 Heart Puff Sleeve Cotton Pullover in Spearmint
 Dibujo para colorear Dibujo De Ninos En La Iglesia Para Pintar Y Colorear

-----

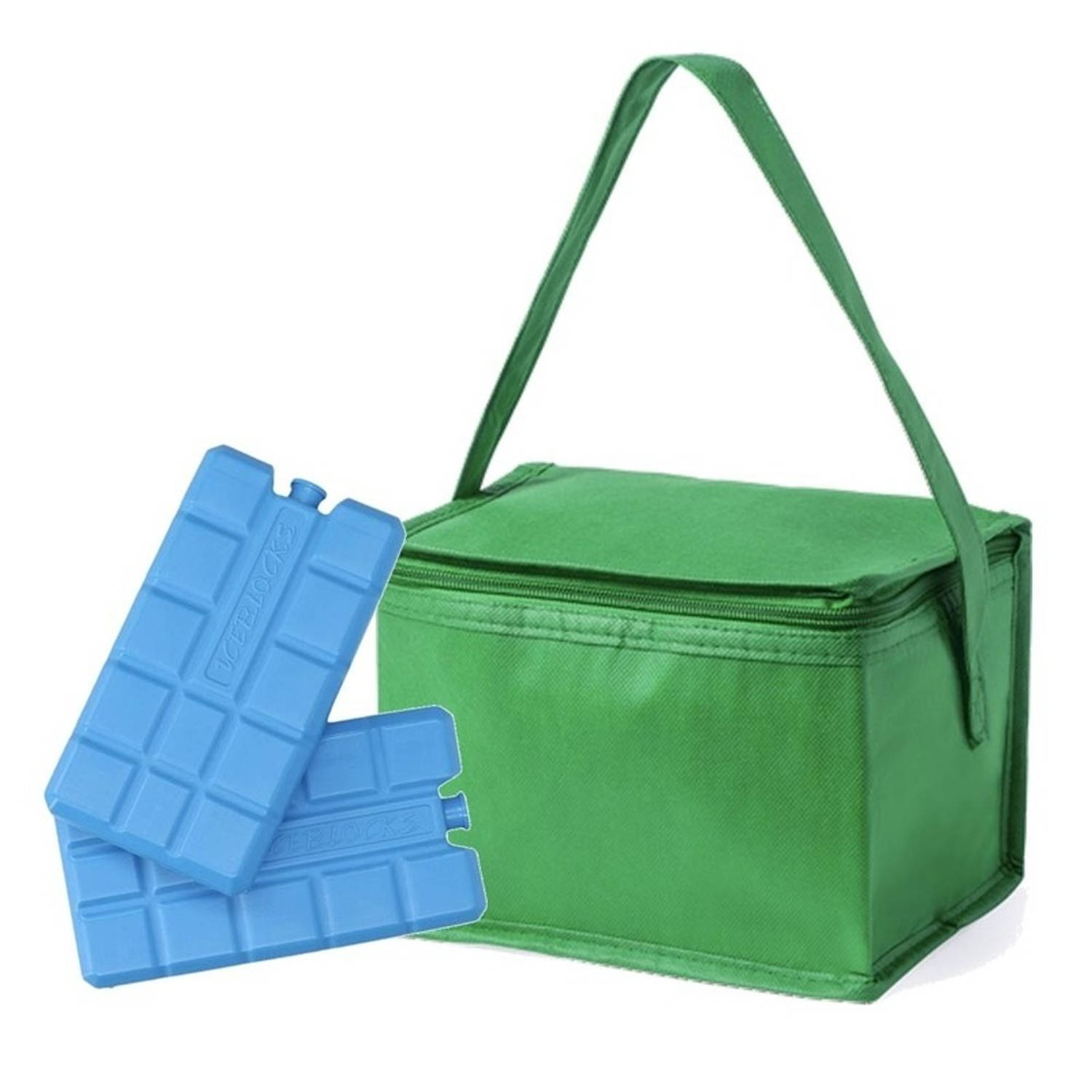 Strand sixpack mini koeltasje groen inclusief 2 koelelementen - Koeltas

-----

• _Your task_:
Using the data above, print exactly the lines from the line that contains "Heart Puff Sleeve" through the line that contains "Dibujo para colorear", with both included.

• _Result of this exercise_:
 Heart Puff Sleeve Cotton Pullover in Spearmint
 Dibujo para colorear Dibujo De Ninos En La Iglesia Para Pintar Y Colorear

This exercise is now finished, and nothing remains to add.